= Lip stain =

Cosmetic lip product

A lip stain is a sheer, durable cosmetic used to color the lips. Lip stains are differentiated from other lip cosmetics by the fact that they penetrate the skin, rather than covering it. This results in a longer wear time and lower probability of smudging. Lip stains are also generally matte, as opposed to lip tints, which are similarly sheer but may be glossy.

== Description ==

Lip stains generally use a water-based formulation to allow them to penetrate into the skin, rather than sitting on top of it. As a result, lip stains are long-lasting and durable against smudging and transferring. The range of colors lip stains are available in is limited by the number of safe water-soluble dyes. Stains are inherently matte as a result of absorbing into the skin. Lip tints are very similar to lip stains, but they tend to have a glossy finish.

== History ==

One early modern lip stain was the Benetint Lip & Cheek Stain, which was invented in 1976. This stain originated in San Francisco as the first product of Benefit Cosmetics. The stain was created from a mixture of boiled rose petals and carmine. The product was originally created as a nipple stain at the request of an exotic dancer, but it eventually gained prominence for use on the lips and cheeks.
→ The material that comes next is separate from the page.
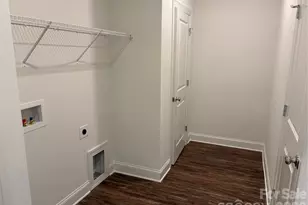 605 E Hartford Ave, Bessemer City, NC 28016 - Photo 13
Lip stains (called lip tints in K-beauty circles) became popular in Korea in the 2010s. Lip stains appealed to the desire for natural-looking cosmetics in Korea, and K-beauty lip stains tend to be less pigmented as a result. Daniella Jung, who works in K-beauty curation, claimed that lip stains had become foundational to Korean beauty routines as of 2026.

The popularity of lip stains increased during the COVID-19 pandemic since stains are less likely to smudge or transfer to face masks. Peel-off lip stains, which are applied to the lips and peeled off after the skin has been stained, gained popularity on social media a few years later. The Wonder Blading Lip Stain Masque from Wonderskin became the most sold beauty product on TikTok Shop in 2024, and Elle noted a record number of lip stain and liner product launches that year as well.

== Ingredients ==

Lip stains are generally water-based, which limits the usable colorants to soluble dyes as opposed to the greater variety of pigments available for lipid-based lip products. Alcohol is a common ingredient in water-based lip stains used to help the stain set quickly, though it is noted to have a drying effect. Glycerin and butylene glycol may also be used as solvents. Cream-based stains may instead use isododecane and dimethicone. Various colorants may be used, including synthetic dyes and naturally-derived dyes from ingredients like beetroot or minerals.

Some stains contain additional elements that sit atop the skin to provide a non-matte finish. Ingredients like hyaluronic acid, squalane, and jojoba oil may be included to moisturize the lips. Certain peel-off lip stains use polyvinyl alcohol to create the peelable effect.